Don't you forget about me
Photo by Katie Despeaux
Feature Photo: Editor Megan McCurdy
Don’t you forget about me

To be honest, I never thought I would be a journalist. I’d seen the movies— they harass their sources like vultures around a carcass, objectivity is just a word that easily gets thrown out the window, and they run over anyone to meet their deadline. But at the Lit House Open House for literary types, I was hypnotized by promises of publication and getting my name out there. But no way was I becoming a soul-less muckraker, bottom feeding on people’s misery.

In that first year of reporting for The Elm on the theater beat, I slowly realized that not all journalism was about terrorizing people for information. On my own terms, I went to theater shows and interviewed seniors involved with the productions. I learned about the different paths students took to arrive on the stage, such as acting in productions since middle school or just trying out for a show on a whim. By the time I applied to be Opinion Editor of The Elm at the end of my freshman year, I finally understood what being a journalist was really about: getting someone’s story out there and giving them a voice.

I continued as Opinion Editor through rocky meetings with writers, crazy scandals about editorials, and struggling to learn how to lay out a page at 2 a.m. on Wednesday nights. The real scary thing was that I loved every second of it. I was working with the brightest, most opinionated people on this campus. I approached my friends to join my staff because I believed that differences in point of view could deliver a new, fresh way of looking at the campus and the world. And the more I worked on editing their articles, and placing them on the pages, the more invested I began in getting their opinions out there in the world, the more I believed people were listening. When I became News Editor this year, it wasn’t just about getting opinions. It was now about getting to the heart of what Washington College should be saying to their students.

If there’s anything I want WC to learn from me, a wise old senior, it’s this: never forget the people. Without the people, there would be no one reading the paper. There would be no one to answer The Elm’s questions, and in turn no one to answer the student body. The students here are the reason why this college exists 200 years later: to learn from the wonderful experience this college has to offer. Listen to the students here. We have come from different walks of life, and have different experiences on this campus. We may not have the wisdom or experience the professors or the faculty have under their belts, but we live on this campus. We live in this world as well. Give us a chance, the people here— on this staff and this campus— care.

A few words of thanks:

To Melissa: I have taken your class four times over, invaded your office hours, and hassled you about my life decisions. You have always held my hand when I wanted it and critiqued me when I needed it. You have inspired me to not rule out any option. I would not be the person I am today without you.

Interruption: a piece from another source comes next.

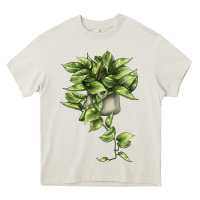 Cream Golden Pothos Heavy Core Tee - LillyAllenDesigns
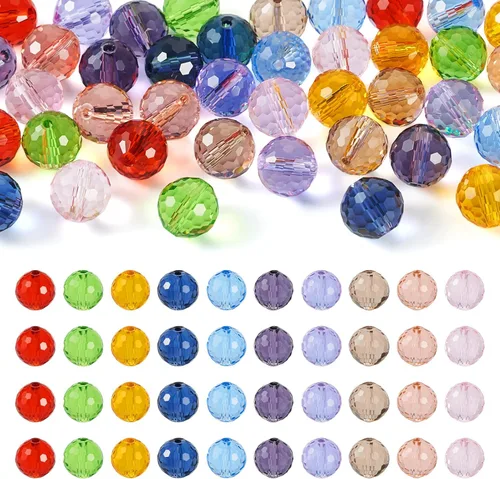 Miniatura 11 de Craftdady 100 cuentas de vidrio Rondelle facetadas de 0.315 a 0.315 pulgadas, cuentas de cristal transparente sueltas redondas espaciadoras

To Megan: I’m not going to lie, it was a little strange working with someone after two years of flying solo, but I am proud to have worked alongside you, your amazing writing skills, your punny headlines, and your majestical Photoshop skills. This section would have been nothing without you.

To Amanda, Paige, Grace, Katie, Taylor: Even though I’ve been on the editor staff the longest, you guys made Monday nights easy and hilarious. Even though I bicker with you all, it has been an honor to have worked with you. You all have done amazing work in the one year you have been here. Take pride.

To Kent County News: I was a little nervous switching to News this year, but you guys have taught me small lessons I never thought I needed, from conducting phone interviews to keeping your cool even though the world seems like it’s against you. You reminded me that journalists are here to give a voice to the people, no matter if we’re in a small town.

To Emily and Catalina: You two have excelled in everything Megan and I thought you would. We wish you all the best, and know you’re going to do an amazing job. Keep the faith.

To all the readers out there: Thanks for sticking with me through my four-year tenure here at The Elm. Working for a newspaper may not pay much, but it sure as hell is gratifying to get the word out on what you want to hear. Keep on reading. Keep on sending The Elm article ideas and letters. We’re listening.